*** Opening Provided records ***
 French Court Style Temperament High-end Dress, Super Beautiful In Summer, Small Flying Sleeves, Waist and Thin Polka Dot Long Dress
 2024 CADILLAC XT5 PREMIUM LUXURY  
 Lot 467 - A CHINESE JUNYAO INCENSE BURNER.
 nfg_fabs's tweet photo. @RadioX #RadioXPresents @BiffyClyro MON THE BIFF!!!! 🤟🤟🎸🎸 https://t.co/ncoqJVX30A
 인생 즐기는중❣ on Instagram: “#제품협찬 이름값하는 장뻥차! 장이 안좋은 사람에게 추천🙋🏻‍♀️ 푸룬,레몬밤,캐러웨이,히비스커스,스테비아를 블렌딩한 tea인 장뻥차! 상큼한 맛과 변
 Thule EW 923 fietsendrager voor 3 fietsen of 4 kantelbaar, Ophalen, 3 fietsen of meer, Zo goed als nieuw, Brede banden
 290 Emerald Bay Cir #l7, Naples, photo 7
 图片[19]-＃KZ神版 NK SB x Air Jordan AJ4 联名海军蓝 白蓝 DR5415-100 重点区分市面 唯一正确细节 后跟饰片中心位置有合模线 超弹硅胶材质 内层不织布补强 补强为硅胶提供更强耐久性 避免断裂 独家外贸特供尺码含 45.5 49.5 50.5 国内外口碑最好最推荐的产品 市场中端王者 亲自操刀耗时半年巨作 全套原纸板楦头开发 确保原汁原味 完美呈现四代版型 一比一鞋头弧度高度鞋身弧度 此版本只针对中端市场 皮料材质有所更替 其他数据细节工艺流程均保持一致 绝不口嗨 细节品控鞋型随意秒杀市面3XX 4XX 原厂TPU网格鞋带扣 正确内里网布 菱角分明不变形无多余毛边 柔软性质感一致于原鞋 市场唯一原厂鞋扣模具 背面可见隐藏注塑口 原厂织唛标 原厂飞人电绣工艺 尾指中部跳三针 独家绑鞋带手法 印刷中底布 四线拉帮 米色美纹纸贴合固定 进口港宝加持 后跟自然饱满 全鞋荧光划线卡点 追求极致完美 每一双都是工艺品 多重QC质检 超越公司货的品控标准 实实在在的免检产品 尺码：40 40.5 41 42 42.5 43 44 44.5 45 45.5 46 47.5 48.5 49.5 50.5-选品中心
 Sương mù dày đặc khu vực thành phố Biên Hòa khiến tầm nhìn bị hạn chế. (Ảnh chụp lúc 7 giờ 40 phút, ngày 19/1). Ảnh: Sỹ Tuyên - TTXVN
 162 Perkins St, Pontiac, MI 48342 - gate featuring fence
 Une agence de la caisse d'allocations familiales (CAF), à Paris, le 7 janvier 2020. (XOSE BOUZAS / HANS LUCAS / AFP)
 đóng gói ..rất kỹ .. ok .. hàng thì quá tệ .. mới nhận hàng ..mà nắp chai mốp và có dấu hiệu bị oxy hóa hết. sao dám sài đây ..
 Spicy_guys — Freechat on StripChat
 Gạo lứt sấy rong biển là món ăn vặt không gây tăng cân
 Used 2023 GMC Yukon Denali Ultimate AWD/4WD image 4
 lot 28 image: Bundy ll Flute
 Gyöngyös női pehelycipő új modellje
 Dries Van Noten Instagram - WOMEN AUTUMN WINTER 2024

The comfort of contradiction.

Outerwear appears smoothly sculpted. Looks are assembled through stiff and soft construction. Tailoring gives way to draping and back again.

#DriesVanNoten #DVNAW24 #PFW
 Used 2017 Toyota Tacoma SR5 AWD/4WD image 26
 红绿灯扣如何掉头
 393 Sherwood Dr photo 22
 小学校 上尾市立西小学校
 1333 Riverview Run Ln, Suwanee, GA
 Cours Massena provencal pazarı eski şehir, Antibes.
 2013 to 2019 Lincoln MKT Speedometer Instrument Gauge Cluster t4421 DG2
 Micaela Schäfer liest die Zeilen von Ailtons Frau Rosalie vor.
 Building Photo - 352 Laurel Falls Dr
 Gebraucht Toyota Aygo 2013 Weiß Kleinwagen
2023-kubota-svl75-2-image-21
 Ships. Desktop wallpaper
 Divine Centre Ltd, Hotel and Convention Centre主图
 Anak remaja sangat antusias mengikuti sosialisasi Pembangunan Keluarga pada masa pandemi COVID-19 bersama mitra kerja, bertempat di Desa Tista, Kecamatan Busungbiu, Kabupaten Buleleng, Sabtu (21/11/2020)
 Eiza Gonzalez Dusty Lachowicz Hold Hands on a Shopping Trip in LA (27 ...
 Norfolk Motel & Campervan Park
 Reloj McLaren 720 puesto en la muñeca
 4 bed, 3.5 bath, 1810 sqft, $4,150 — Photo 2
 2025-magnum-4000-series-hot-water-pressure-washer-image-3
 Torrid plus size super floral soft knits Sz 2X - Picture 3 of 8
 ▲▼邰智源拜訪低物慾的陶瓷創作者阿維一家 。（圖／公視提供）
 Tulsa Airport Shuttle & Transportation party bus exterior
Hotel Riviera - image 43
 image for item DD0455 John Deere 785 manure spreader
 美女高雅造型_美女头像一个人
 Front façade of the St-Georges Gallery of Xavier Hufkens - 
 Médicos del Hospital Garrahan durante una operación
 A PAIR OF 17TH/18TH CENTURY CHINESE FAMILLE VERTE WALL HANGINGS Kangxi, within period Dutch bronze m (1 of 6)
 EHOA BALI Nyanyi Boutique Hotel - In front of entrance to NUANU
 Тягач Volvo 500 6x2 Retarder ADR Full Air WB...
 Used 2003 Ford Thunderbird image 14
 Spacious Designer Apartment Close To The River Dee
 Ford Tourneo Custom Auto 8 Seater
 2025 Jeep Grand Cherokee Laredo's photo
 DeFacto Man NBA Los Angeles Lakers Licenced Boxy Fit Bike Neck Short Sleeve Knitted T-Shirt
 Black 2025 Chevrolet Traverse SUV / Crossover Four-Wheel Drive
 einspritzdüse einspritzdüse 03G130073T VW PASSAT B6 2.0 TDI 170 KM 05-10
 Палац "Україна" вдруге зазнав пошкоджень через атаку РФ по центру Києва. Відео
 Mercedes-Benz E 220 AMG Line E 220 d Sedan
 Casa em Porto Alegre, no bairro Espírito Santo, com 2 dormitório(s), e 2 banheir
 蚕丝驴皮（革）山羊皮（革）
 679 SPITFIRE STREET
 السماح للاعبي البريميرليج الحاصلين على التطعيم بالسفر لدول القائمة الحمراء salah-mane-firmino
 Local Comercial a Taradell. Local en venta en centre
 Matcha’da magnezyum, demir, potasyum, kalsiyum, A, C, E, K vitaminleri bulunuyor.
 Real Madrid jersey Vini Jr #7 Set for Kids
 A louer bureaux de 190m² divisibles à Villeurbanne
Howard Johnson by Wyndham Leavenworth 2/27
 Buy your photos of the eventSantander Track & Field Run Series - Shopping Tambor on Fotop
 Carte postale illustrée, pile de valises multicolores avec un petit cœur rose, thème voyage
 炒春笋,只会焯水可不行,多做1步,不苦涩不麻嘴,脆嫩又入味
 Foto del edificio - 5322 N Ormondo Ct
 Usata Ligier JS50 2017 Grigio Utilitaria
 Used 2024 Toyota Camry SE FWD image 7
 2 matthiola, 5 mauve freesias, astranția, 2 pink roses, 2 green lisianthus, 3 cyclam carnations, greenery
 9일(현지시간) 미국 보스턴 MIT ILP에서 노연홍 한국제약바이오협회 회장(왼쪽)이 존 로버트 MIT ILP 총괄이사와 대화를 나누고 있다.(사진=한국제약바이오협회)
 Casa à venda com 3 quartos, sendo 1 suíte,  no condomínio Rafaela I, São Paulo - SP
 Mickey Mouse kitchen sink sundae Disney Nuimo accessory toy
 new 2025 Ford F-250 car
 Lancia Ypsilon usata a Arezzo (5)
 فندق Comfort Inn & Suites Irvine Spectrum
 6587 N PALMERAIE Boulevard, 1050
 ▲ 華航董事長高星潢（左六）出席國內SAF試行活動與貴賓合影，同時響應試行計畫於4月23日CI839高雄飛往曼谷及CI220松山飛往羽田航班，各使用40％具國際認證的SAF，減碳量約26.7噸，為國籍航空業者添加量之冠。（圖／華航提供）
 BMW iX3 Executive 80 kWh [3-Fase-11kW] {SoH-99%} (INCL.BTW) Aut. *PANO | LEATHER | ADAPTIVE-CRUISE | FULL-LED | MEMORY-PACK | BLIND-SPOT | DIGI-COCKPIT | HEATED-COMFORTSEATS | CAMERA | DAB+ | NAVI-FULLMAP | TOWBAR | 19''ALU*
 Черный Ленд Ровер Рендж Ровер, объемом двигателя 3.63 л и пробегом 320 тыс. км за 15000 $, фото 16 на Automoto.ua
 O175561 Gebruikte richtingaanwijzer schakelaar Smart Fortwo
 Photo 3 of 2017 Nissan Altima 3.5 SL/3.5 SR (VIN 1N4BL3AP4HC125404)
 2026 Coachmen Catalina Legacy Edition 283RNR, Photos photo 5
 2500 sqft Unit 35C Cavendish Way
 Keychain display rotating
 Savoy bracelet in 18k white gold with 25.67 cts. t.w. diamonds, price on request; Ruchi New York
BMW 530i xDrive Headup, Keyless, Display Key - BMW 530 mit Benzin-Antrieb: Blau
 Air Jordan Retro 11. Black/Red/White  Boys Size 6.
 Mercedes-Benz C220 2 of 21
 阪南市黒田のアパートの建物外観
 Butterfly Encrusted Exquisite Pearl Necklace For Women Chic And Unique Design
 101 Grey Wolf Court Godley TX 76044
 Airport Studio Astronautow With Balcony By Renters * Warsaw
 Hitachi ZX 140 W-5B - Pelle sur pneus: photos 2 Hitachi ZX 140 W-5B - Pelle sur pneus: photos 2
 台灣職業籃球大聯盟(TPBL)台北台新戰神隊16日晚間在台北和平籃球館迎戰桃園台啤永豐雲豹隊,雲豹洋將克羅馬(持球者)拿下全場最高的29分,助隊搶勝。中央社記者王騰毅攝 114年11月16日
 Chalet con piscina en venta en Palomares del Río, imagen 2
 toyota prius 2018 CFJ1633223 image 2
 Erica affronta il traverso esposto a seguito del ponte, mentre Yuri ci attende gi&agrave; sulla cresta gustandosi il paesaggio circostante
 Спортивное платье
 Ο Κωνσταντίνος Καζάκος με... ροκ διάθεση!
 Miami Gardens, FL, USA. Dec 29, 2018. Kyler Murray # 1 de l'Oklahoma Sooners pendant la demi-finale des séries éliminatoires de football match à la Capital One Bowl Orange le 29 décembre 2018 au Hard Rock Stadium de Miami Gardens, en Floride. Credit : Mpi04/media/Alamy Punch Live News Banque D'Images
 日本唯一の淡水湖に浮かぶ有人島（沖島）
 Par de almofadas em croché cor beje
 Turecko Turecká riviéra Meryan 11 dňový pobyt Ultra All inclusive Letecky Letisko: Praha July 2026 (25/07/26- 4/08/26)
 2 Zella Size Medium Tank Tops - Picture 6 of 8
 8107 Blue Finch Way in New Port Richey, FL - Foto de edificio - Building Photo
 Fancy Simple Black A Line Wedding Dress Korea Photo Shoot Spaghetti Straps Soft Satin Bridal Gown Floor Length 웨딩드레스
*** Closing Provided records ***
What you need to do:
In the listing above, transcribe exactly everything from the line containing "Тягач Volvo 500" down to the line containing "Matcha’da magnezyum, demir, potasyum, kalsiyum, A, C, E, K", including both and nothing more.

Answer section:
 Тягач Volvo 500 6x2 Retarder ADR Full Air WB...
 Used 2003 Ford Thunderbird image 14
 Spacious Designer Apartment Close To The River Dee
 Ford Tourneo Custom Auto 8 Seater
 2025 Jeep Grand Cherokee Laredo's photo
 DeFacto Man NBA Los Angeles Lakers Licenced Boxy Fit Bike Neck Short Sleeve Knitted T-Shirt
 Black 2025 Chevrolet Traverse SUV / Crossover Four-Wheel Drive
 einspritzdüse einspritzdüse 03G130073T VW PASSAT B6 2.0 TDI 170 KM 05-10
 Палац "Україна" вдруге зазнав пошкоджень через атаку РФ по центру Києва. Відео
 Mercedes-Benz E 220 AMG Line E 220 d Sedan
 Casa em Porto Alegre, no bairro Espírito Santo, com 2 dormitório(s), e 2 banheir
 蚕丝驴皮（革）山羊皮（革）
 679 SPITFIRE STREET
 السماح للاعبي البريميرليج الحاصلين على التطعيم بالسفر لدول القائمة الحمراء salah-mane-firmino
 Local Comercial a Taradell. Local en venta en centre
 Matcha’da magnezyum, demir, potasyum, kalsiyum, A, C, E, K vitaminleri bulunuyor.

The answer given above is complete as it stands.